A verbatim copy of all the data is required, minus any images.

The data:
◆ ◆ ◆ ◆ ◆

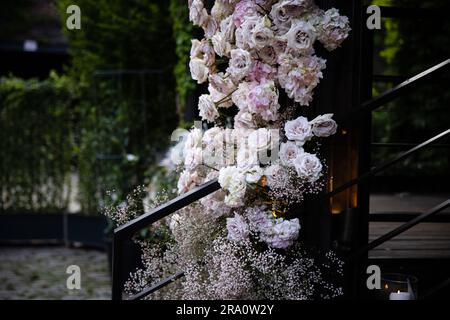 Bellissime composizioni di fiori arrossati per matrimoni con rose, candele e fiato del bambino in un lussureggiante evento con giardino botanico con scale e arco. Foto Stock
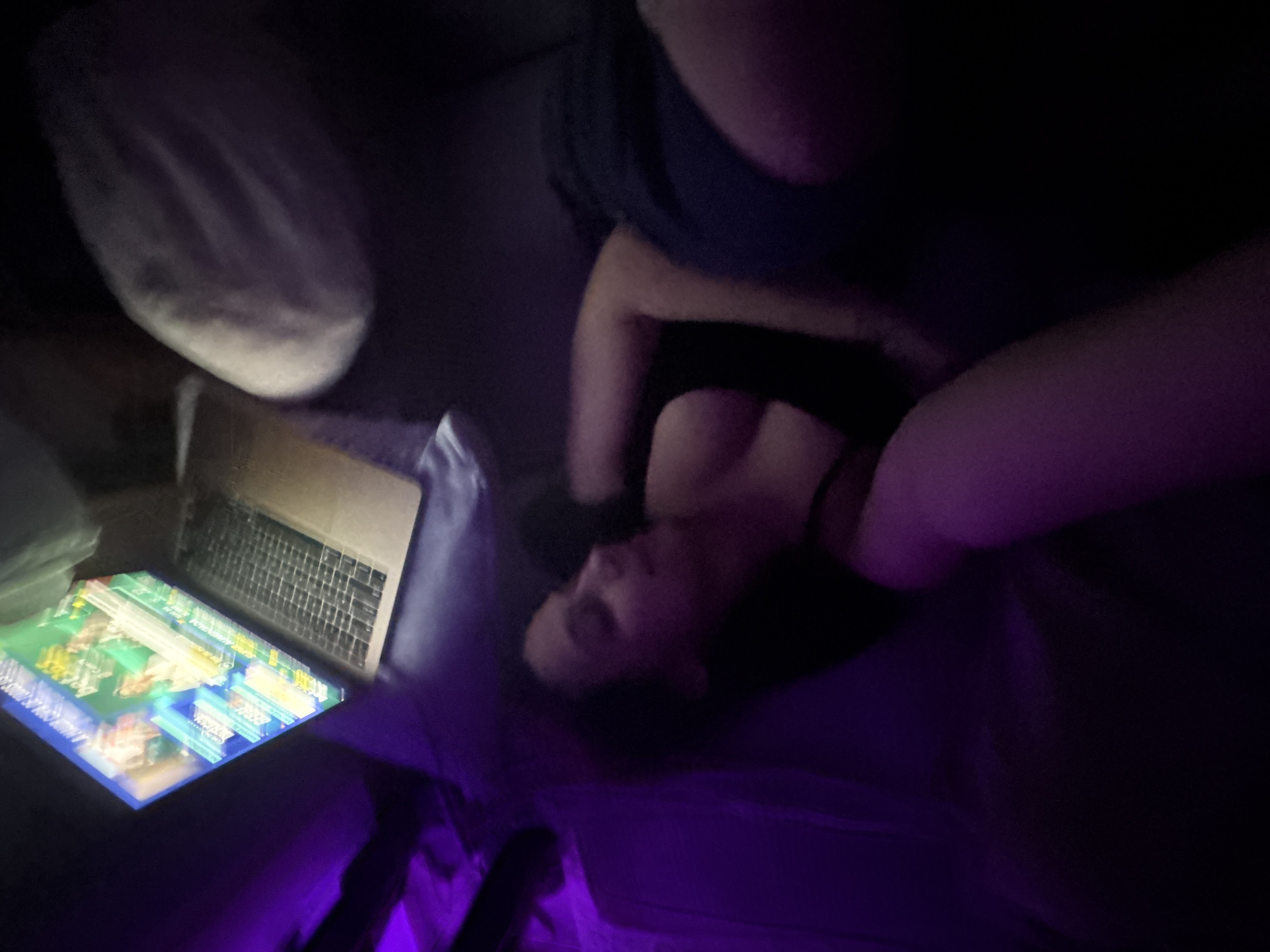 The image depicts a dimly lit indoor scene, possibly a living room, where a woman is lying down. A laptop is open in front of her, displaying a colorful interface, likely a website or application. The ambient lighting is predominantly purple, casting an unusual hue over the environment. The woman is wearing a dark top and dark shorts. Her body language suggests she is relaxed or resting. The overall impression is that of a private, intimate setting, possibly late at night, where the woman is engaged with her laptop. There is no identifiable information that can pinpoint the location to Mönchengladbach, Germany.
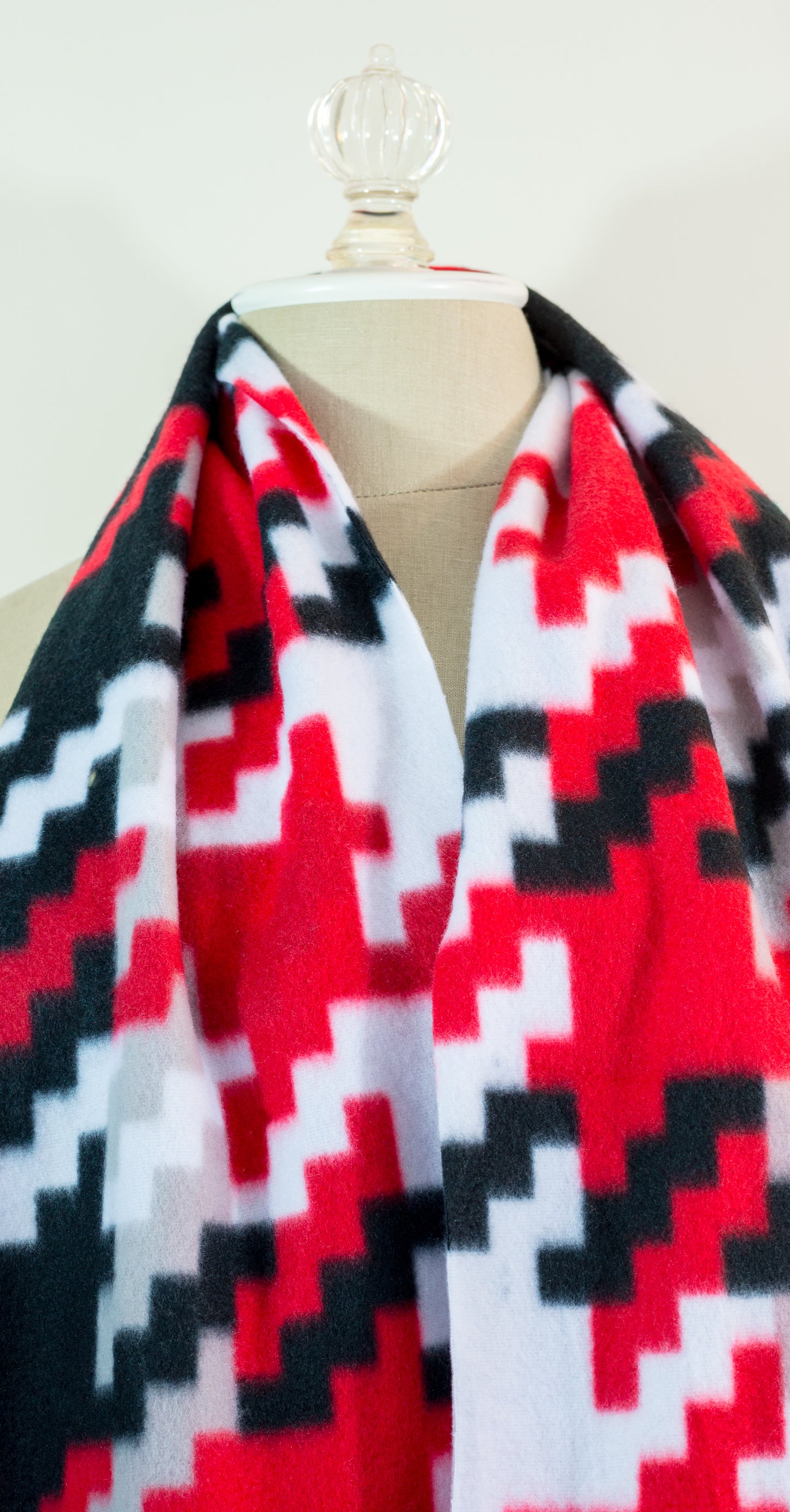 A scarf with a geometric houndstooth pattern in red, black, white, and beige colors, displayed on a flat surface.
Photo by Karen King [additional_image_link]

◆ ◆ ◆ ◆ ◆

Solution for this problem:
 Bellissime composizioni di fiori arrossati per matrimoni con rose, candele e fiato del bambino in un lussureggiante evento con giardino botanico con scale e arco. Foto Stock
 The image depicts a dimly lit indoor scene, possibly a living room, where a woman is lying down. A laptop is open in front of her, displaying a colorful interface, likely a website or application. The ambient lighting is predominantly purple, casting an unusual hue over the environment. The woman is wearing a dark top and dark shorts. Her body language suggests she is relaxed or resting. The overall impression is that of a private, intimate setting, possibly late at night, where the woman is engaged with her laptop. There is no identifiable information that can pinpoint the location to Mönchengladbach, Germany.
 A scarf with a geometric houndstooth pattern in red, black, white, and beige colors, displayed on a flat surface.
Photo by Karen King [additional_image_link]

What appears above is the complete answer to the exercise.